Llegamos a Yereván en un Mercedes de ventanas negras, algo habitual que me pone un poco nerviosa cuando soy peatón, porque nunca veo la cara de quien está a punto de atropellarme, pero que viene muy bien para disimular este tipo de situaciones en las que una persona acaba tumbada sobre cuatro para completar el tetris humano y que, por otro lado, poco creo que importen a la policía si te pilla con 3.000 drams a mano.

—Y aquí está [el lago] Sevan –dice el taxista, señalando la carretera y relajado en pleno atasco, mientras Yereván se convierte en una piscina de agua embarrada que imita al mar en un país sin playas.

*     *     *

 

Creí que al llegar a casa el día ya no tendría nada más que ofrecer. Pero unos nudillos golpean la puerta con insistencia. Al otro lado, un hombre con boina gris, gabardina a juego y bastón, me recibe con lo que bien podría ser un recital poético particular, una maldición o una predicción apocalíptica que vendría a recordar que “estamos en los últimos días”, como aseguraba la pareja de testigos de Jehová que me visitó hace un par de días. Sea lo que sea, lo dice con efusión y acompañado de un tic en el ojo izquierdo mientras afuera el cielo se hace pedazos. Cuando trato de intervenir, me corta en seco, clava el bastón en el suelo, da media vuelta con mucha ceremonia aireando la parte trasera de su gabardina como lo haría una folclórica con bata de cola y, mostrando un cogote de polluelo, se dirige a la siguiente puerta.

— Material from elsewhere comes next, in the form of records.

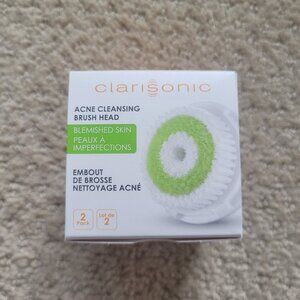 NIB Clarisonic Acne Cleanse Facial Cleansing Brush Head Replacement - TWO Heads
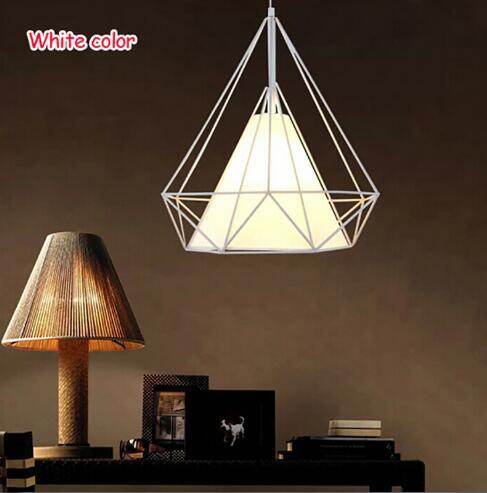 Modern Art Deco Black/White Birdcage Pendant Lights Iron Minimalist Retro Light Loft Pyramid Lamp Led Bedroom Kitchen Bar Cafe
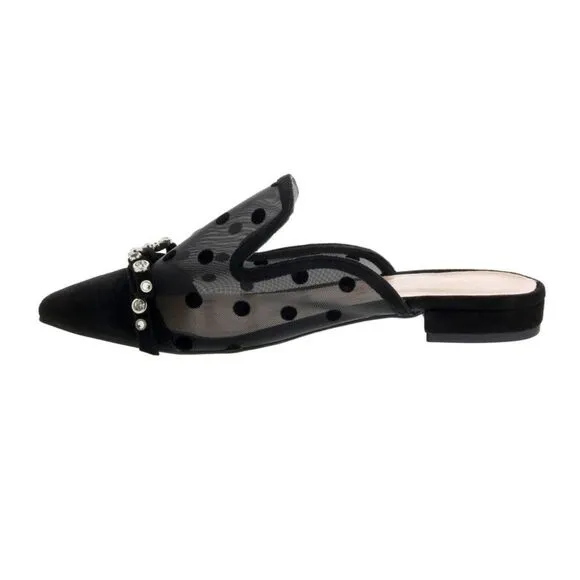 Ventutto Black Mesh Ballerina Flat Mule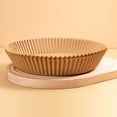 thumbnail image 2 of Zhuge 100 piezas, revestimiento de pergamino antiadherente y resistente al aceite para freidora de aire, revestimiento desechable para freidora de aire de 8 pulgadas (color madera natural), 2 of 5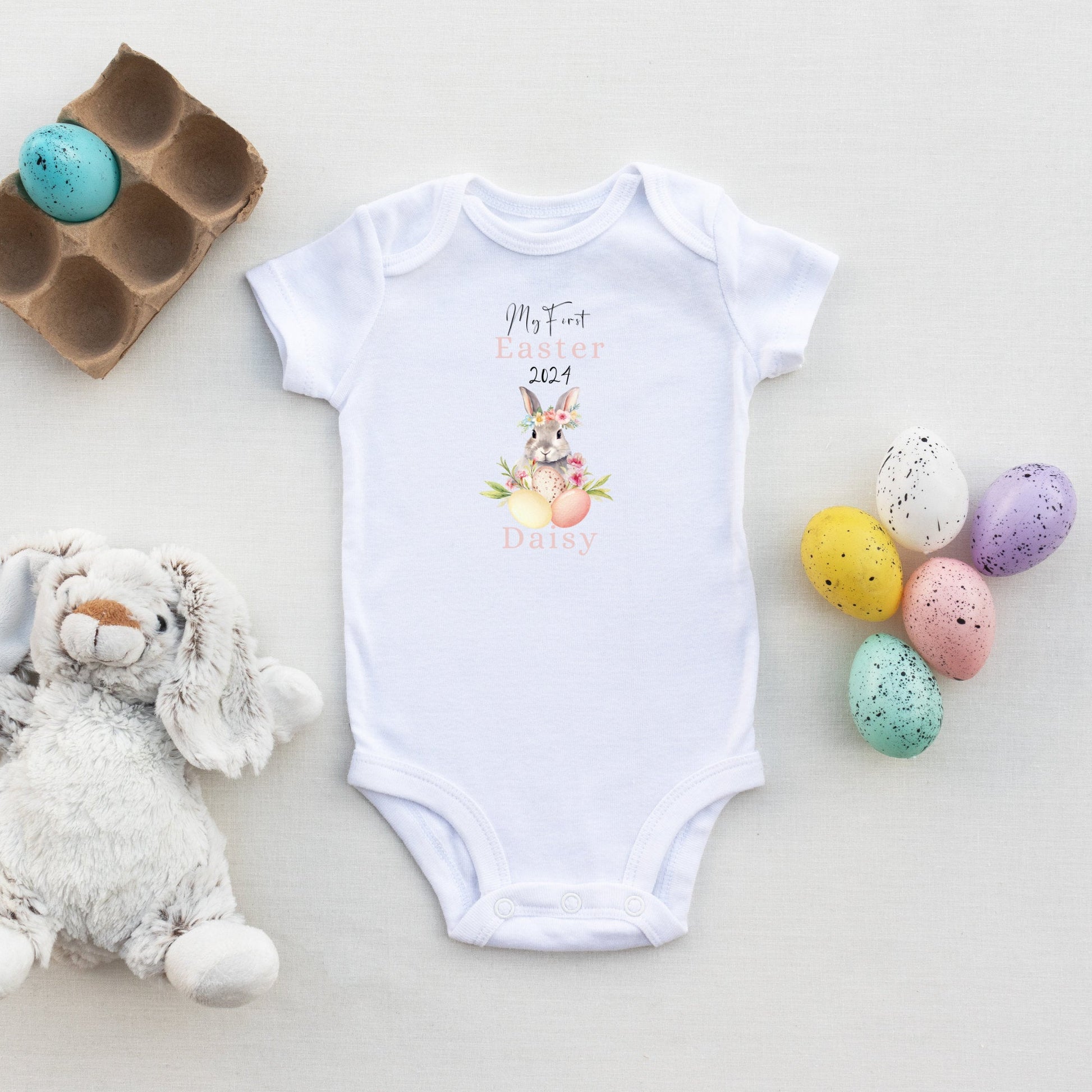 My First Easter Babygrow Little Rabbit My First Easter Outfit Baby Boys Easter Outfit My First Easter Baby Vest My 1st Easter Sleepsuit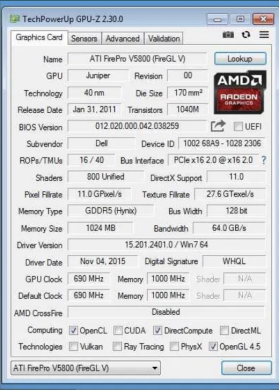 Дискретна відеокарта AMD FirePro V5800, 1 GB GDDR5, 128-bit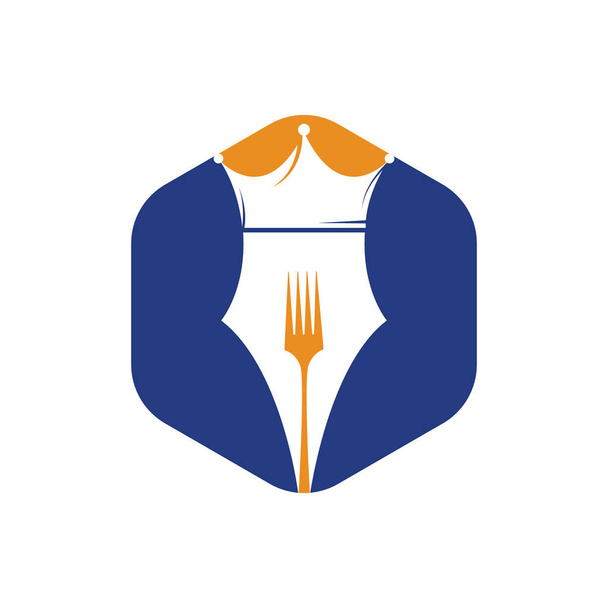 Дизайн логотипа продуктов питания и ресторанов. Ручка с векторным рисунком коронки и вилки. - Вектор,изображение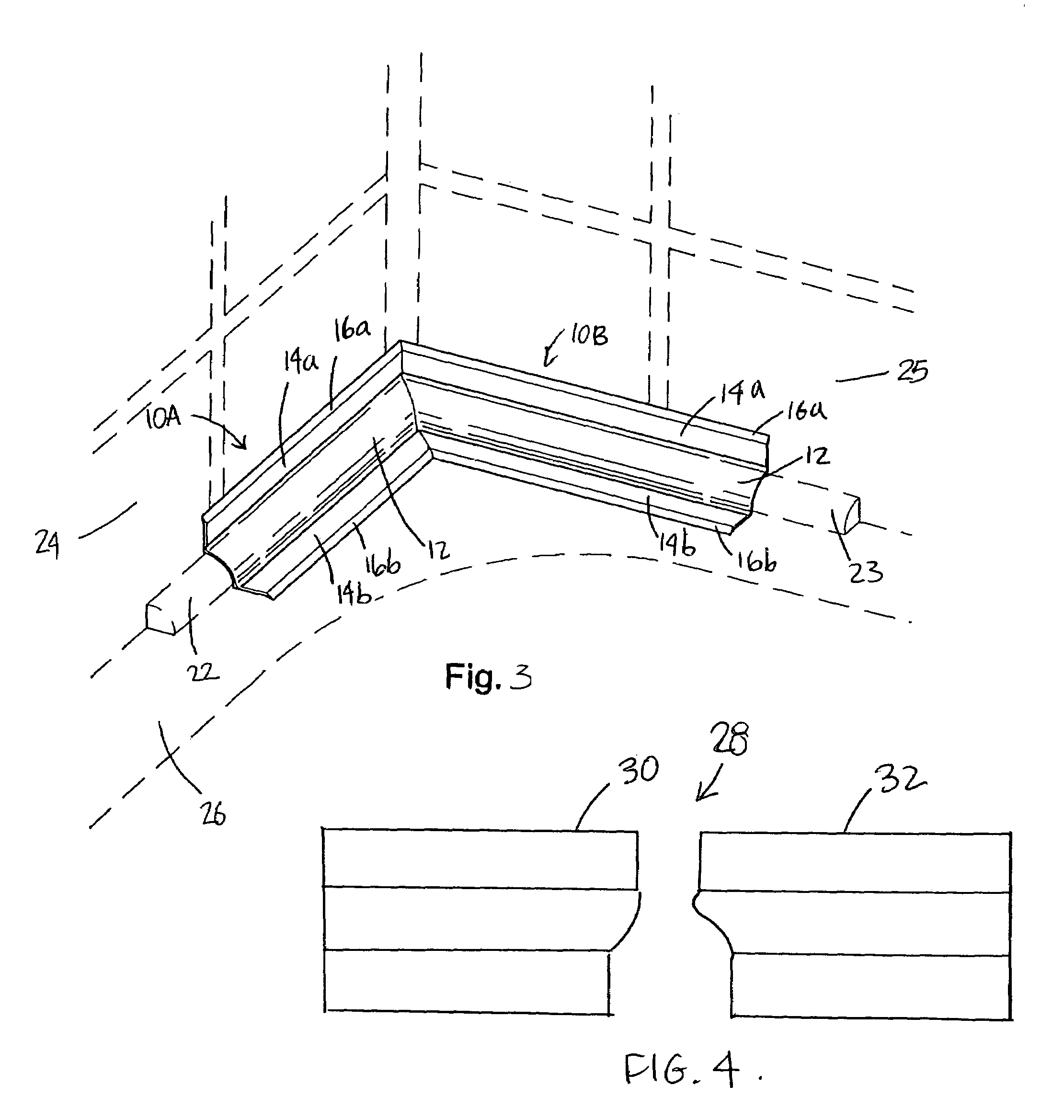 Device for concealing caulking joint and method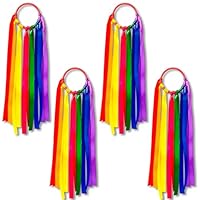 4Pcs Gymnastics Ribbon Set,Rainbow Ribbon,Dance Ribbons for Kids, Sensory Ribbons Suitable for Artistic Gymnastics Exercises, Dance Performances and Juggling Activities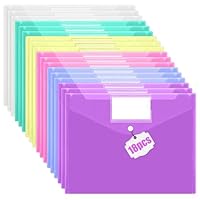 18pcs Dokumententasche A4, Dokumentenmappe A4 zum Abheften, 6 Stück Dokumentenmappe in 6 Farben,Dokumente Ordnen für Schule, Büro Zuhause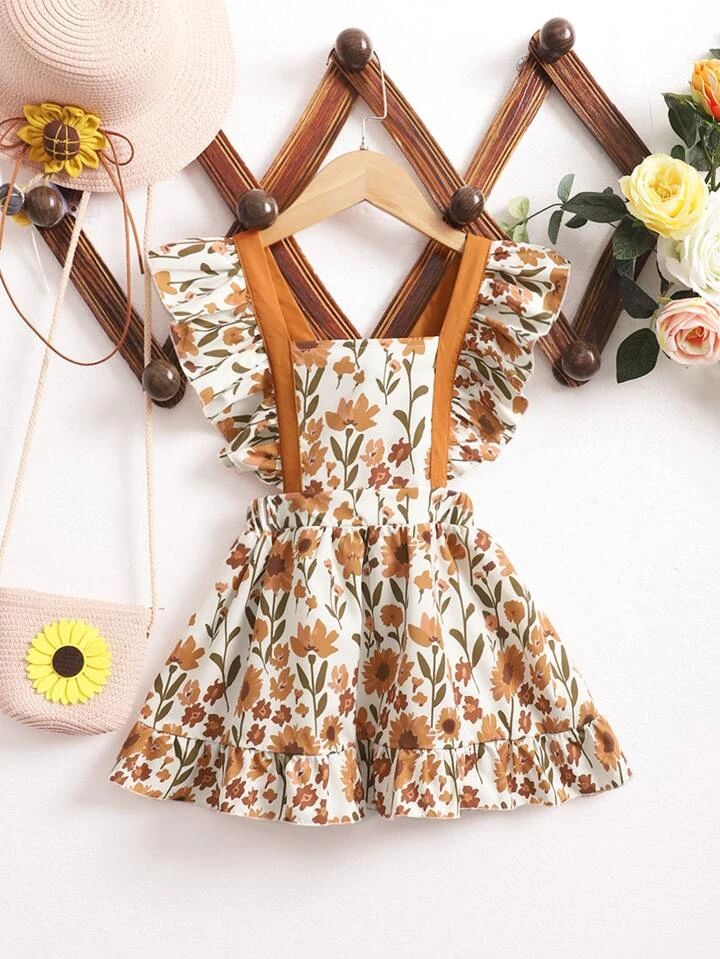 SHEIN Kids EVRYDAY Toddler Girls Floral Print Ruffle Trim Overall Dress | SHEIN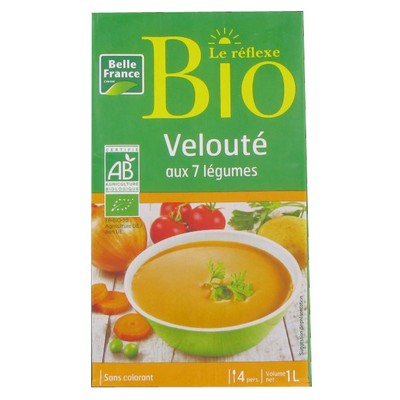 Organic 7 Vegetable Velouté Belle France Carton 1L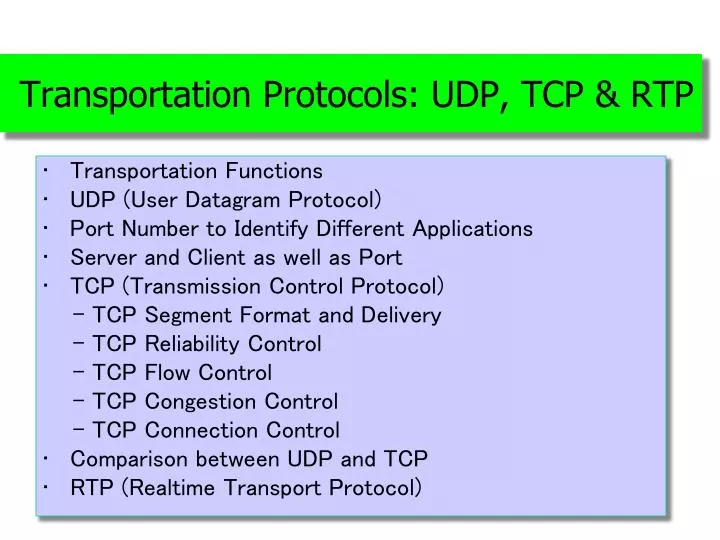 transportation protocols udp tcp rtp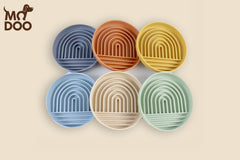 Silicone slow-feeder bowl with anti-slip suction cups at the bottom - Anti-Choking & Slow Eating Design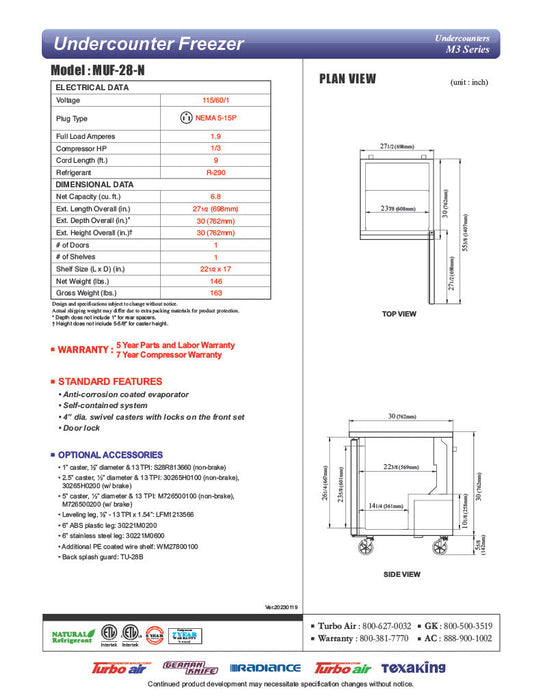 Turbo Air MUF-28-N 27 1/2" W Undercounter Freezer w/ 1 Section & 1 Solid Door - Donut-Supplies.Com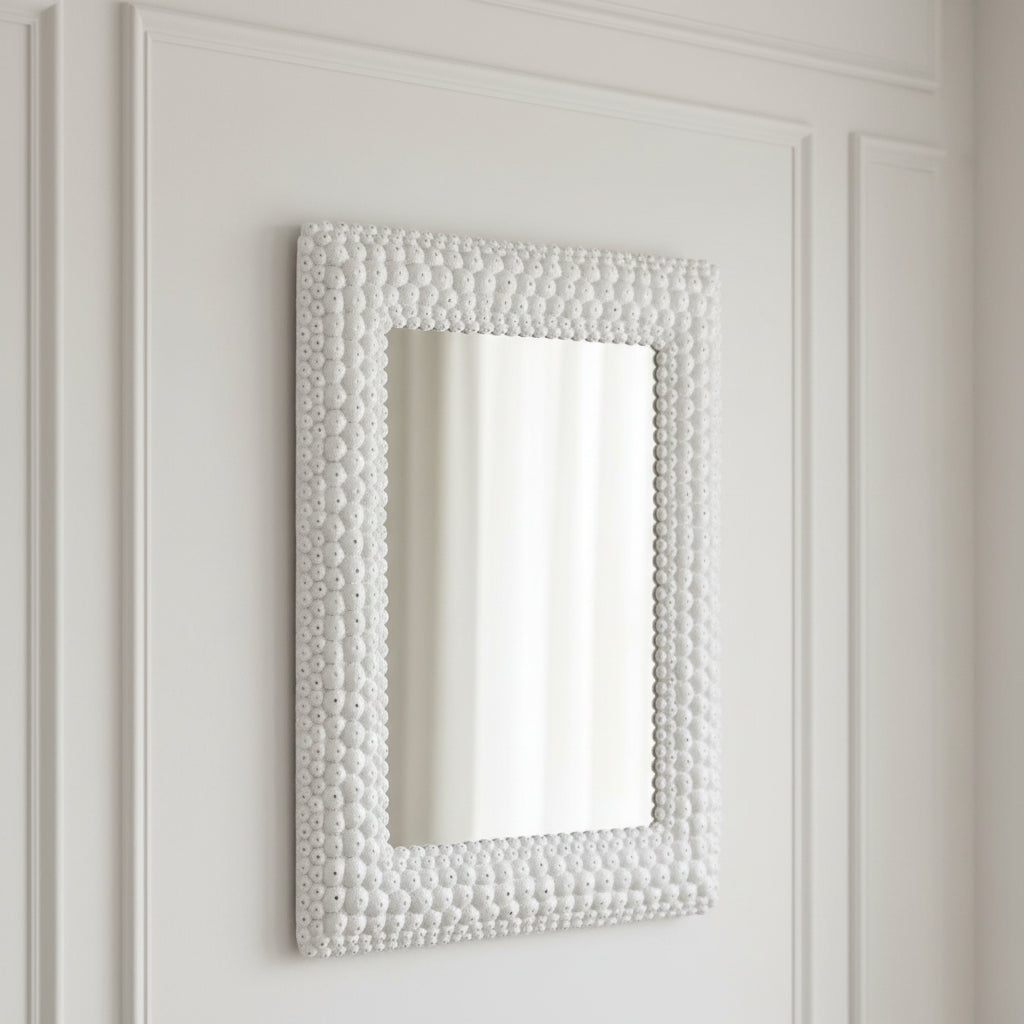 Helene Rectangular Mirror White Coral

Está todo dicho. Sea lo que sea. Ahora la testigo de Jehová a la que nadie escucha soy yo y estoy al otro lado de la puerta. No me deja opción. No le importa lo que piense de su recital o lo que sea su performance. Pero no se ha desnudado. Que es lo que más temo cuando abro la puerta y me recibe alguien con una gabardina.

 

Virginia Mendoza Benavente es periodista y antropóloga.